Ale od początku. Dawniej czyli jakieś 200 lat temu (choć niezupełnie, bo we wschodnich regionach kraju jeszcze sto lat temu) moment, w którym ktoś umierał lub miał umrzeć wyglądał zupełnie inaczej niż dzisiaj. Przede wszystkim umierano w domu, wśród bliskich. Jeśli śmierć była naturalna (oczywiście ta u schyłku życia) i nie była nagła, stanowiła nagrodę za uczciwe i pracowite życie.
Gorzej jeśli nikt z domowników nie był w podeszłym wieku i nie chorował, a za oknem nieustannie… wył pies, patrząc w jeden punkt. Wówczas blady strach padał na domowników. Ponoć, jeśli spojrzało się w nocy ponad jego (psa) uszy, można było zobaczyć śmierć. Można było ją też ujrzeć w lustrze, ale te akurat były w niewielu chałupach. Kret ryjący pod domem, kura piejąca jak kogut, podchodząca pod dom dzika zwierzyna, stojąca bez strachu – wszystko to mogło oznaczać tylko jedno – śmierć kogoś z rodziny.

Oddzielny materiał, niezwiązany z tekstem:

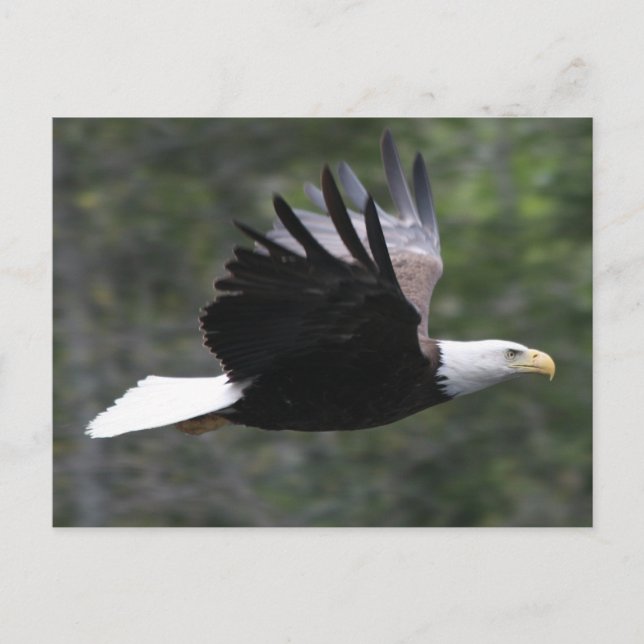 Carte Postale Flying Bald Eagle (Devant)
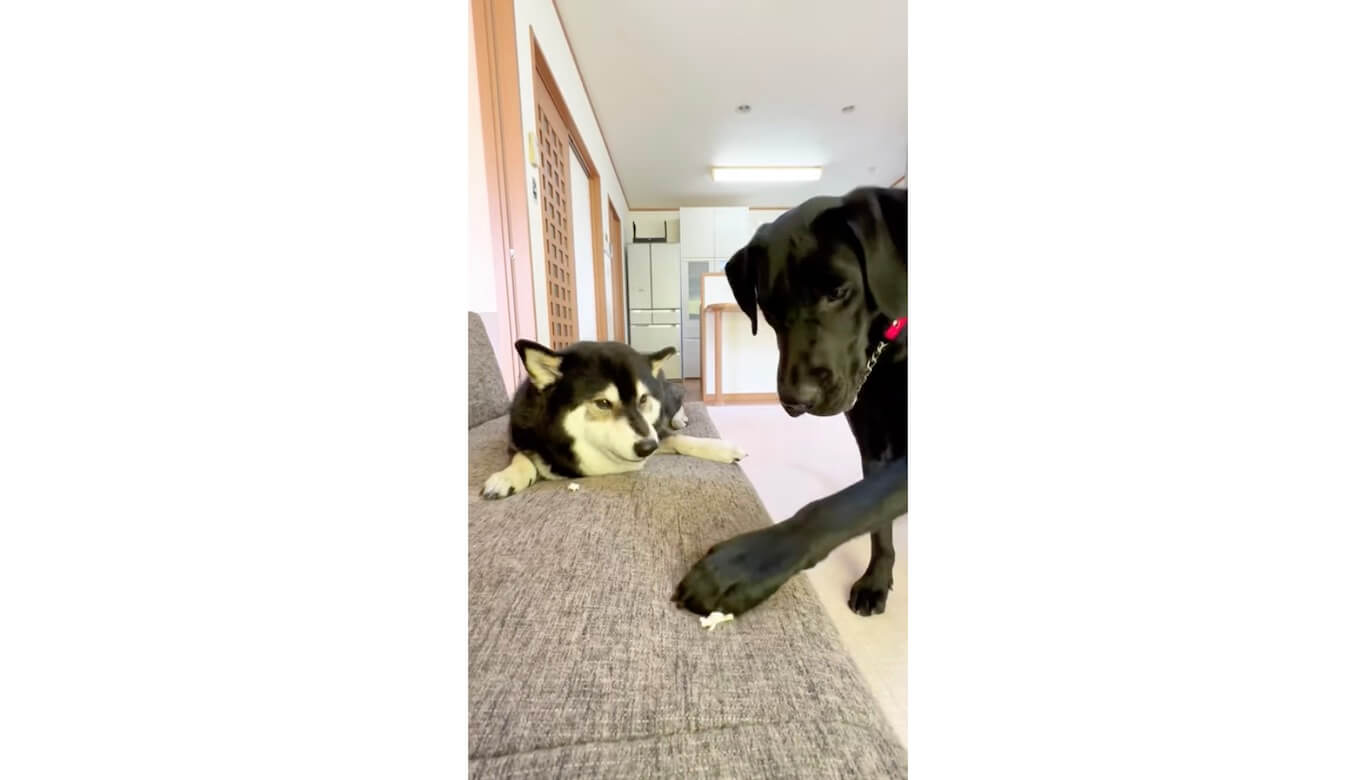 ラブラドールレトリーバー,動画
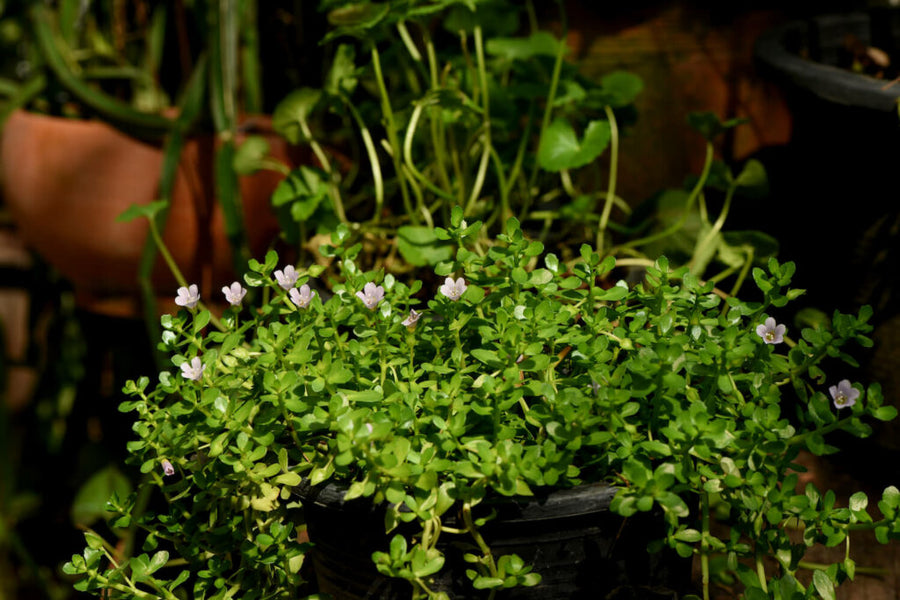 Can You Take Bacopa Monnieri Every Day?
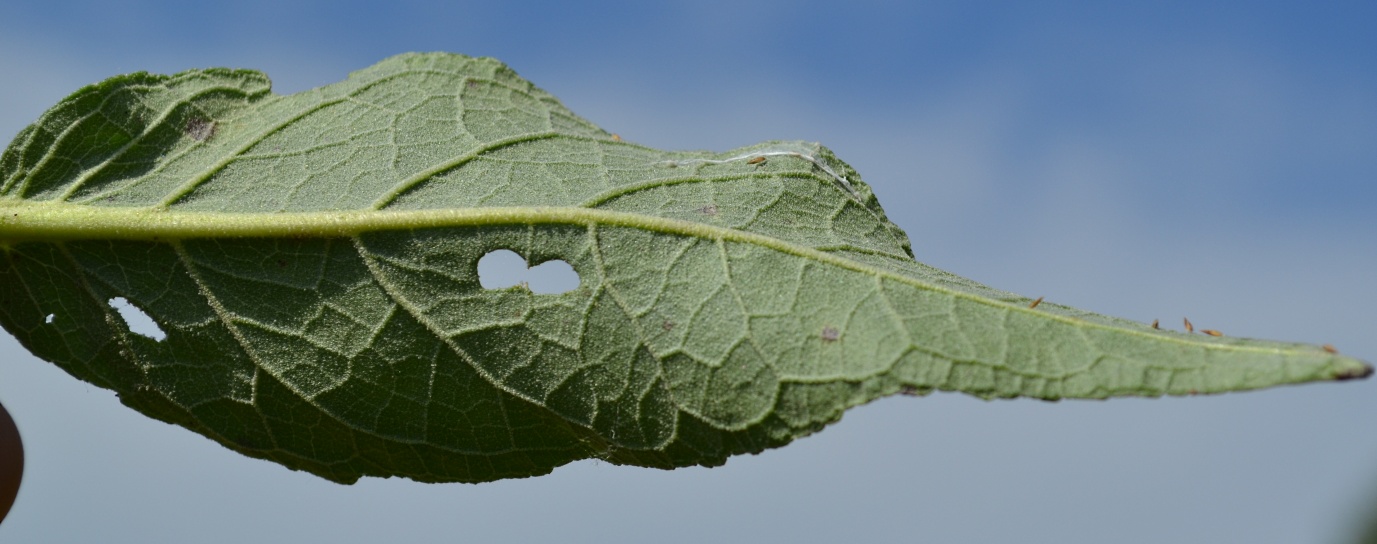 Изображение особи Verbascum lychnitis.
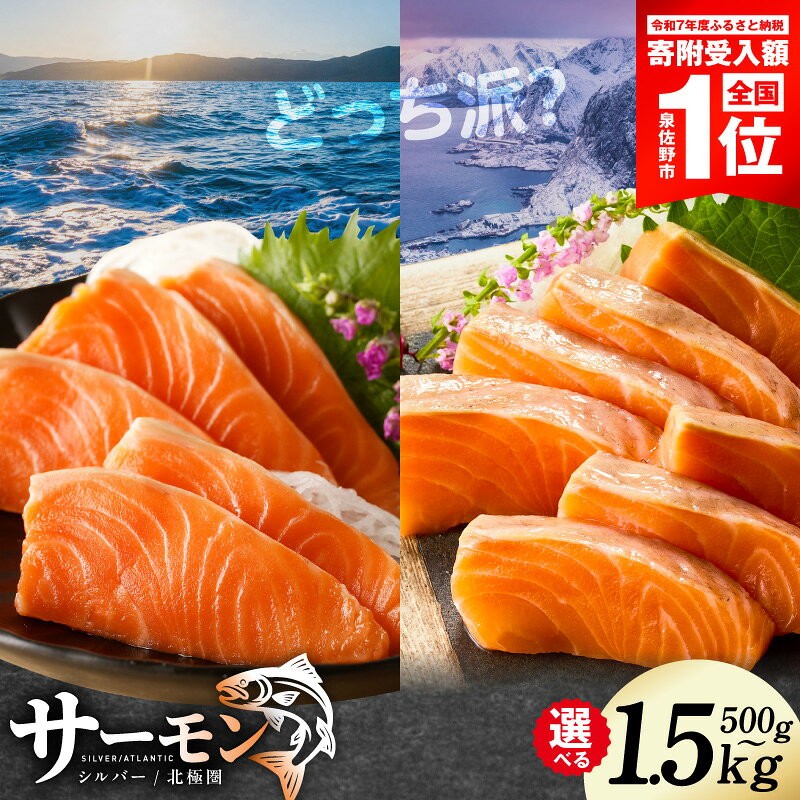 【ふるさと納税】サーモン ポーション 選べる 500g / 1kg ふるさと納税 刺身 訳あり 発送時期が選べる サイズ不揃い 銀鮭 シルバーサーモン 小分け ブロック 柵 ソテー 生食 アレンジ 簡単 冷凍 定期便 最短翌日発送 5営業日 泉佐野市 送料無料 家計応援 楽天限定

No… A przynajmniej konkretnie kogoś nastraszyć. Pohukiwanie sowy, w którym dało się słyszeć „idź, idź” albo „odejdź, odejdź” potrafiło wywołać niezłą panikę u tego, który to zaobserwował. Bał się on nie tylko o żywot bliskich, ale też o swój. Znane są historie jak to chłop po takim „zjawisku” był tak mocno przekonany o tym, że za chwilę umrze, że faktycznie w stresie i przerażeniu kilka dni później umarł… Oczywiście w całkowitym przekonaniu, że przepowiednia się spełniła. I jak tu oszukać przeznaczenie? Wychodzi na to, że się nie da. Po prostu.
I właśnie tego bano się potwornie – nagłej, niespodziewanej śmierci, zwiastowanej przez niezwykłe znaki. Modlono się i śpiewano w czasie uroczystości pogrzebowych, mszy za zmarłych czy w intencji ochrony przed klęskami, byle tylko nie umrzeć nagle! Jeden z najpiękniejszych hymnów Jana Kasprowicza upamiętnia dawne modlitwy i jest śpiewany do dziś.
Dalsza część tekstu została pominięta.